The Company has agreed with the NYDEC to remediate a former manufactured gas plant site located in New York. The Company has received approval from the NYDEC of a Remedial Design work plan for this site and has recorded an estimated minimum liability for remediation of this site of $14.5 million.
At June 30, 2011, the Company has estimated its remaining clean-up costs related to former manufactured gas plant sites and third party waste disposal sites (including the former manufactured gas plant site discussed above) will be in the range of $17.2 million to $21.4 million. The minimum estimated liability of $17.2 million, which includes the $14.5 million discussed above, has been recorded on the Consolidated Balance Sheet at June 30, 2011. The Company expects to recover its environmental clean-up costs through rate recovery.

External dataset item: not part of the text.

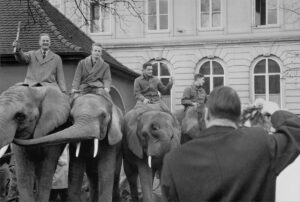 Bundesrat Hans Peter Tschudi (vorne) wird nach seiner Wahl von einer Elefantenparade begrüsst.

Legislative and regulatory measures to address climate change and greenhouse gas emissions are in various phases of discussion or implementation. Pursuant to an EPA determination, effective January 2011 projects proposing new stationary sources of significant greenhouse gas emissions or major modifications of existing facilities are required under the federal Clean Air Act to obtain permits covering such emissions. In April 2011, the U.S. Senate rejected bills aimed at curbing the authority of the EPA to regulate greenhouse gas emissions. In addition, the U.S. Congress has from time to time considered bills that would establish a cap-and-trade program to reduce emissions of greenhouse gases. Legislation or regulation that restricts carbon emissions could increase the Companys cost of environmental compliance by requiring the Company to install new equipment to reduce emissions from larger facilities and/or purchase emission allowances. Climate change and greenhouse gas measures could also delay or otherwise negatively affect efforts to obtain permits and other regulatory approvals with regard to existing and new facilities, or impose additional monitoring and reporting requirements. But legislation or regulation that sets a price on or otherwise restricts carbon emissions could also benefit the Company by increasing demand for natural gas, because substantially fewer carbon emissions per Btu of heat generated are associated with the use of natural gas than with certain alternate fuels such as coal and oil. The effect (material or not) on the Company of any new legislative or regulatory measures will depend on the particular provisions that are ultimately adopted.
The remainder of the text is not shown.